Presented by National Queer Theater at IRT Theater

154 Christopher Street, Manhattan, NYC

June 13-16, 2019

Photo credit: Sean Velas
In May 2001 fifty-two men, known as the Cairo 52, were arrested on the Queen Boat nightclub, a boat docked on the banks of the Nile that served as a club and was known to be gay-friendly. It was one of the only clubs in Cairo a man could enter unaccompanied by a woman, making it the default gay club in the city. The Cairo 52 were accused of “devil worship” and “habitual debauchery,” and during the drawn-out trial, Cairo newspapers published scathing stories about the men next to their pictures. Twenty-one of the men were sentenced to three years of prison despite international outcry from Human Rights Watch and the United Nations. The incident has been featured in two documentaries: Dangerous Living and A Jihad for Love.
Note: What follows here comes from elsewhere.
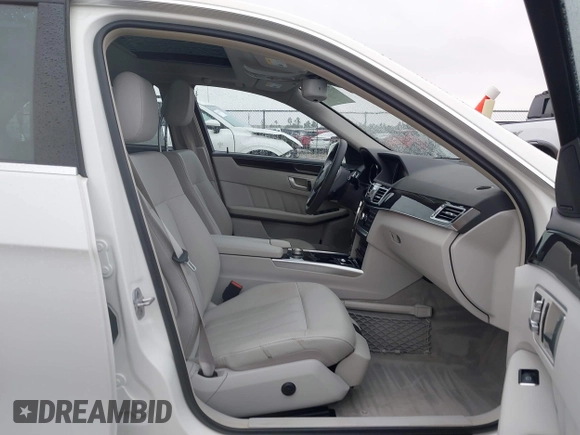 2014 Mercedes-Benz E 550 Sport with VIN WDDHF9BB3EB017140, listed as a IAAI auction lot 41424799 with 32,537 mi miles and . Bid and sale history available at DreamBid. Image 5.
It is also the incident Adam Elsayigh takes up in his play Drowning in Cairo. The play is part of the Criminal Queerness Festival in NYC that goes through early July at the IRT Theater in the West Village. Each play focuses on a different country where same-sex relations are criminalized. Drowning in Cairo, directed by Celine Rosenthal, follows the fates of three men whose lives were changed because of the Queen Boat incident. Moody (Arif Silverman) is the son of wealthy and connected Egyptian parents who is also the life of the party. He has an ample supply of vodka and weed and partakes throughout the play. Khalid (Fady Kerko), his friend and fellow college student mostly follows Moody’s lead reading and smoking whatever Moody tells him to. Their servant, Taha (Noor Hamdi), initially curious about Moody’s ability to be out and proud, finds himself quick friends with Moody and Khalid. The trio are part of the fifty-two arrested on the Queen Boat, and the play follows the effects those events have on the rest of their lives up through the present day.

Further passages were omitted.